Content starts
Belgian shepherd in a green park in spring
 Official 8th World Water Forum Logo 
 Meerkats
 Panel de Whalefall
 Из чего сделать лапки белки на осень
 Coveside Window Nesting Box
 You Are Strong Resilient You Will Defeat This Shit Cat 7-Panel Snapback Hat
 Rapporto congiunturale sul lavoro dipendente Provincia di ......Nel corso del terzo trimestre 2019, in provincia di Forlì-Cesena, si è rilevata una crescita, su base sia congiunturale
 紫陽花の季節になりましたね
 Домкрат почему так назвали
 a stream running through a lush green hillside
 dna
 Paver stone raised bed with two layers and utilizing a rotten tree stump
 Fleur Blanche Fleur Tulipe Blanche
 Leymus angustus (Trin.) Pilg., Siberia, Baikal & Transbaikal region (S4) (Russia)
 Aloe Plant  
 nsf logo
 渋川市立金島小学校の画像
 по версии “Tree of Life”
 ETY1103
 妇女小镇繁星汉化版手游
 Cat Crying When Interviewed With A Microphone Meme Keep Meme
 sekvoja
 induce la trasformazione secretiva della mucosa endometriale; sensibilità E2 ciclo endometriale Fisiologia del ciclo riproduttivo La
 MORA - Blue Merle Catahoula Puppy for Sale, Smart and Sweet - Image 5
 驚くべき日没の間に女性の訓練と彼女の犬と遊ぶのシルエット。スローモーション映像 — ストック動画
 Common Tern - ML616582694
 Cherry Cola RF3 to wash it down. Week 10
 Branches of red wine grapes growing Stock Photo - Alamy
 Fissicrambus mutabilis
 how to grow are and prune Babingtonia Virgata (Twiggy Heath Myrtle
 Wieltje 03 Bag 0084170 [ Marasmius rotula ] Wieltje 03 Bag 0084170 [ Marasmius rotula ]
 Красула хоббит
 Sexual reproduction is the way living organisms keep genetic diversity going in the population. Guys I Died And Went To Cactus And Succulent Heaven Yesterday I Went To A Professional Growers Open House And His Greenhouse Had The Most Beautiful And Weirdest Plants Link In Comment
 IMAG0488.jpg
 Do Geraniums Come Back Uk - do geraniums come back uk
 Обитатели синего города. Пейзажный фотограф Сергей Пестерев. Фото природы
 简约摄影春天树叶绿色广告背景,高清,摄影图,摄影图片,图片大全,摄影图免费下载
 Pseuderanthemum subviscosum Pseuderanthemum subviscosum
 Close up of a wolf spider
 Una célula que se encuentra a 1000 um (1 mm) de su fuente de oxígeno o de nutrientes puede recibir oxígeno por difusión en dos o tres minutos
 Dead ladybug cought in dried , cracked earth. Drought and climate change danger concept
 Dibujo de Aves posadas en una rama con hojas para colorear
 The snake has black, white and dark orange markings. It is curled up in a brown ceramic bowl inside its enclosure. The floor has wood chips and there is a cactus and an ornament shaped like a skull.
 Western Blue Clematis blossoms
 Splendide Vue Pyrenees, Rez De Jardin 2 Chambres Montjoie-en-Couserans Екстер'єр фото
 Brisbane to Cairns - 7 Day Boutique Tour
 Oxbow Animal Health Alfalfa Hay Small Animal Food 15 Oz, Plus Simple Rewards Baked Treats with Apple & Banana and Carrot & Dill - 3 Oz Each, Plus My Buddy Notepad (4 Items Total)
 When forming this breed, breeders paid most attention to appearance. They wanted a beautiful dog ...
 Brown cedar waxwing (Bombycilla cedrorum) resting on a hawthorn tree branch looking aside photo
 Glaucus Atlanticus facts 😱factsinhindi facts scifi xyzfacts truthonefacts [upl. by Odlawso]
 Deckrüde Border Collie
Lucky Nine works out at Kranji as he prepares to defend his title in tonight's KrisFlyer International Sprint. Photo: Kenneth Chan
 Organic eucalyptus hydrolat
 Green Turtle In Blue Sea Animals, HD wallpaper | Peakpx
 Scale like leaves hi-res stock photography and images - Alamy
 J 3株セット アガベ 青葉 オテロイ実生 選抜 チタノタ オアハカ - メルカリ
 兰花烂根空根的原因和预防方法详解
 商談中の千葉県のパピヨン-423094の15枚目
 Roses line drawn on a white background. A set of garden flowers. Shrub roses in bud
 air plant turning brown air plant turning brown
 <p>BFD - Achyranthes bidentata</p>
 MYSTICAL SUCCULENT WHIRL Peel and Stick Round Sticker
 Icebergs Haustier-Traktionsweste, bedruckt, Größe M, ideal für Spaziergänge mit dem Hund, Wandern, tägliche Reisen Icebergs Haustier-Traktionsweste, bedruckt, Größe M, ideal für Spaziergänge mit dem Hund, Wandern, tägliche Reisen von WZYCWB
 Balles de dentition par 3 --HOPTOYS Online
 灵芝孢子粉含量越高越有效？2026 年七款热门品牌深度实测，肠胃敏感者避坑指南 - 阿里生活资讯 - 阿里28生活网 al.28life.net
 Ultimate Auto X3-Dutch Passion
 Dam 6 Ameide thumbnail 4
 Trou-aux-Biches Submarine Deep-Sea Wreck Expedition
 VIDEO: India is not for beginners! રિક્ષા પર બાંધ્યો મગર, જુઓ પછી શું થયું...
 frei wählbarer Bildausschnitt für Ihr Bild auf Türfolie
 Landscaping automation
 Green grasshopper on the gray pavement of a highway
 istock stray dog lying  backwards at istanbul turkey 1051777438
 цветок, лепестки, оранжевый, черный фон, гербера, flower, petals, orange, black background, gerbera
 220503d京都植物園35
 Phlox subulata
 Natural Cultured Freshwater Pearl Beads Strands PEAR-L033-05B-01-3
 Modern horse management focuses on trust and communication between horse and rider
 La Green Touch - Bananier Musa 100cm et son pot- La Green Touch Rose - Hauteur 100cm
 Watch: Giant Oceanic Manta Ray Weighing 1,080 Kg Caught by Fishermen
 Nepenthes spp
Content ends
Problem to work on: In the records above, tally the lines where the word "black" appears, and give the number and nothing else.

Solution to the exercise: 2